**Provided entries:**
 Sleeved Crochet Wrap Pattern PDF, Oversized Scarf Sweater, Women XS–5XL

...

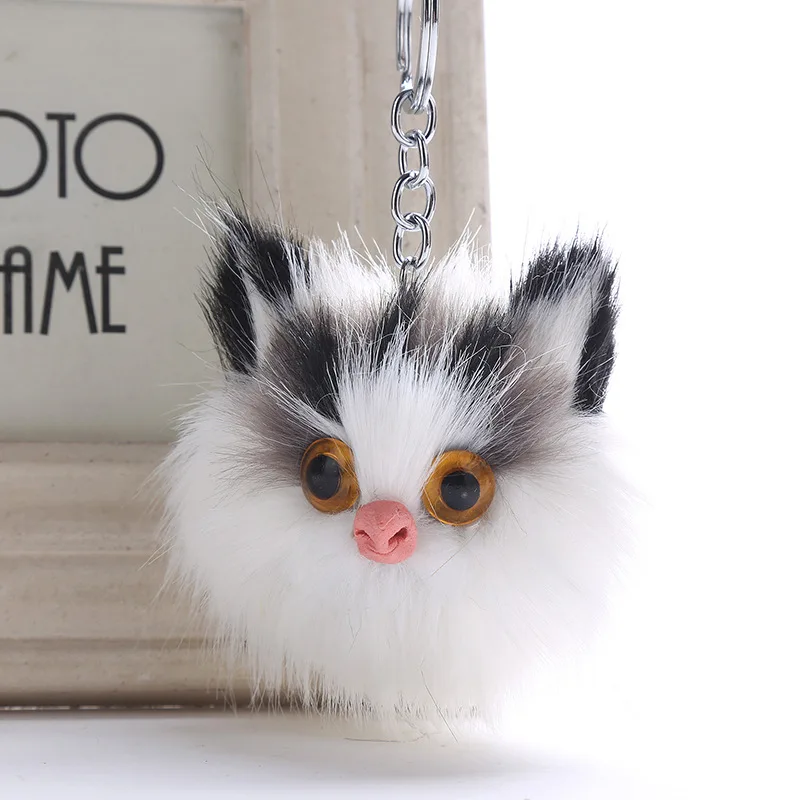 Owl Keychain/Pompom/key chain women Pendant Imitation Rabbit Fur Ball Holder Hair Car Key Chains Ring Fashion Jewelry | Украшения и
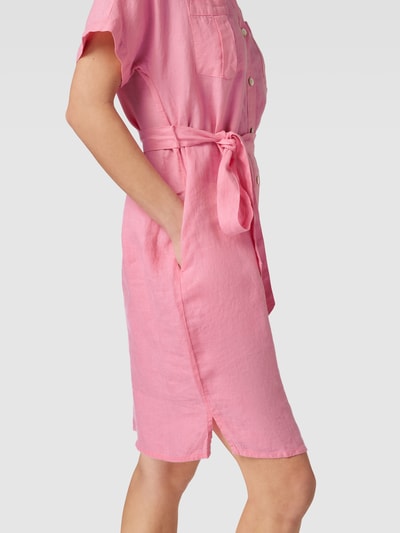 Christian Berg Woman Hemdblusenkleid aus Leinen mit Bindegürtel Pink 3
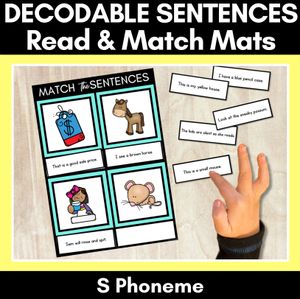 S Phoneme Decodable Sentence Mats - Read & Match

**What is expected:**
Only the lines between the one with "Christian Berg Woman" and the one with "S Phoneme Decodable", those two included, get copied from the material above. Keep it exact and free of pictures.

**Reply:**
 Christian Berg Woman Hemdblusenkleid aus Leinen mit Bindegürtel Pink 3
 S Phoneme Decodable Sentence Mats - Read & Match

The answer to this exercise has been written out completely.